Tried everything. Left it on for a week. Put it near the stove. Loaded every program in the machine and had them all running at once.

No fire.

Not even close.

Yeah, it’s warm. But not firetrap warm.

Can’t cook eggs on it. Can’t even keep the coffee warm.

Left out again.

Our ever-vigilant Homeland Security Department is likely to ban laptop computers and iPods from flights for awhile. Or at least, they may ban the batteries. That’s the bad news. The good news is that you probably can use that little space where the battery is supposed to fit for some of the newly re-cleared carry on items, like hair gel and Listerine and goo for the baby’s diaper.

Conspiracy theorists believe the burning batteries are part of, well, a conspiracy.
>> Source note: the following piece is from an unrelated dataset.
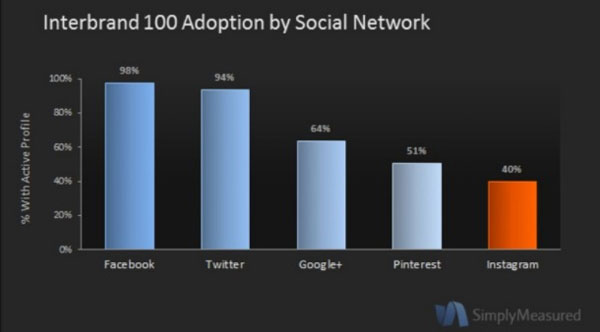 40% thương hiệu hàng đầu thế giới đã xuất hiện trên Instagram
The logic goes like this: if the Shah of Iran hadn’t been such a crook, we wouldn’t have gotten a radical Islamaniac regime in Iran which would mean gasoline was only $1.00 a gallon and batteries wouldn’t explode.

The connection? It’s the middle east, it’s the conspiracy theorists. It’s the Department of Homeland Insecurity. You want logic?

Now to the safety issue: if Lithium Ion batteries in computers can catch fire, explode, melt down, should we be watching out for other devices they power?

Digital cameras: “Say Cheese!” Grilled cheese.

iPods: Hotter songs than ever.

Calculators: Here’s a hot number.

Hearing aides, LCD flashlights, nightlights and heaven knows what-all else get these batteries.

Wristwatches: Salvador Dali comes back to life. The melting watches in the pictures have nothing on the real thing, especially if it melts while on your wrist.

And those of us picked last for basketball would at last belong.

I'm Wes Richards, my opinions are my own, but you're welcome to them.